> **EXERCISE PROMPT**
Copy out the listing that follows, exact in every word, and skip the images.

> **DATA PROVIDED**
# # # # # # #
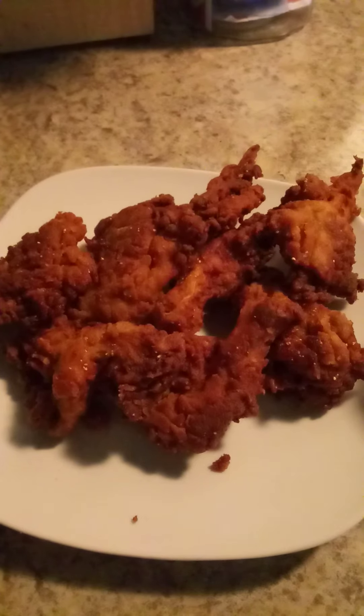Good morning YouTube family, welcome back to my channel. It's me AMD, and what you're looking at right now are pan fried oyster mushrooms. I tried to air fry them and they really didn't come out as crispy and crunchy as these did, so I went ahead and just pan fried them and they turned out so beautiful.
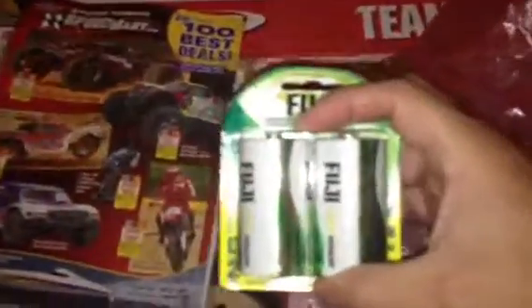I got the Hanako after-run oil to keep my motor good, some diesel batteries — for when I'm not around, the girlfriend might need these — they're actually for my glow plug igniter, and my 1600 milliamp five-cell pump pack for the receiver.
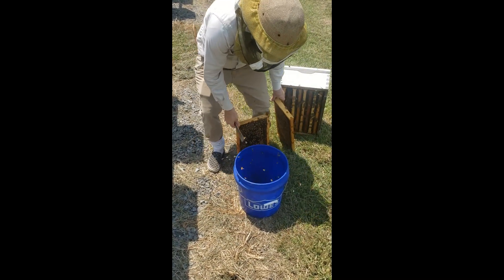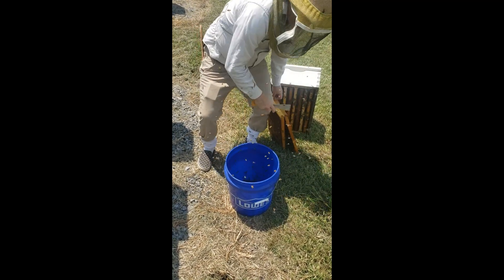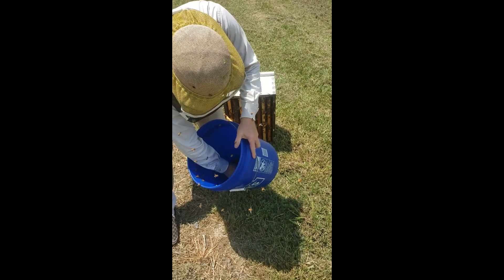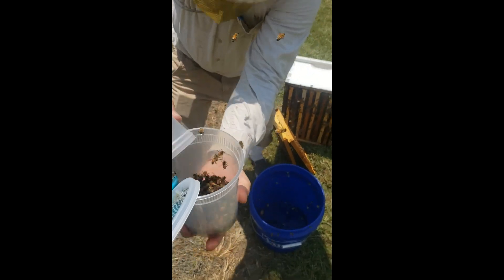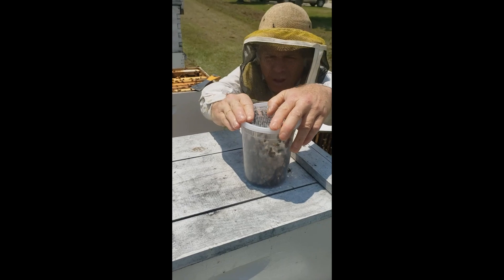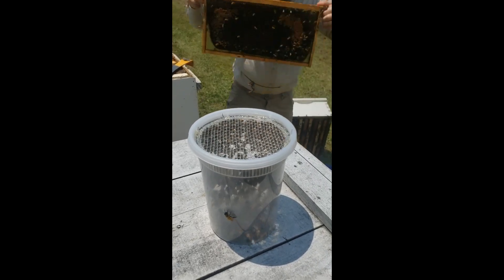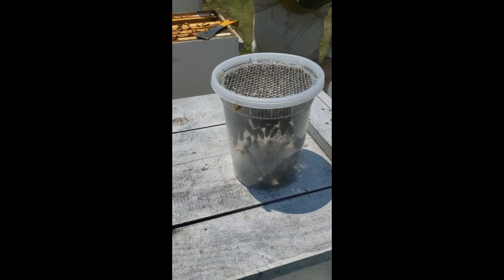It's a quick sharp shake like that. These are going to be young bees so they're not going to fly away too much. He's going to then take the scoop, and that's going to go into the container. Then with the container, put the screen lid on. It's easy to do this with two people. You should be able to go pretty quickly from the bucket to the sample cup to the cup with screen lids.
# # # # # # #
> **ANSWER**
Good morning YouTube family, welcome back to my channel. It's me AMD, and what you're looking at right now are pan fried oyster mushrooms. I tried to air fry them and they really didn't come out as crispy and crunchy as these did, so I went ahead and just pan fried them and they turned out so beautiful.
I got the Hanako after-run oil to keep my motor good, some diesel batteries — for when I'm not around, the girlfriend might need these — they're actually for my glow plug igniter, and my 1600 milliamp five-cell pump pack for the receiver.
It's a quick sharp shake like that. These are going to be young bees so they're not going to fly away too much. He's going to then take the scoop, and that's going to go into the container. Then with the container, put the screen lid on. It's easy to do this with two people. You should be able to go pretty quickly from the bucket to the sample cup to the cup with screen lids.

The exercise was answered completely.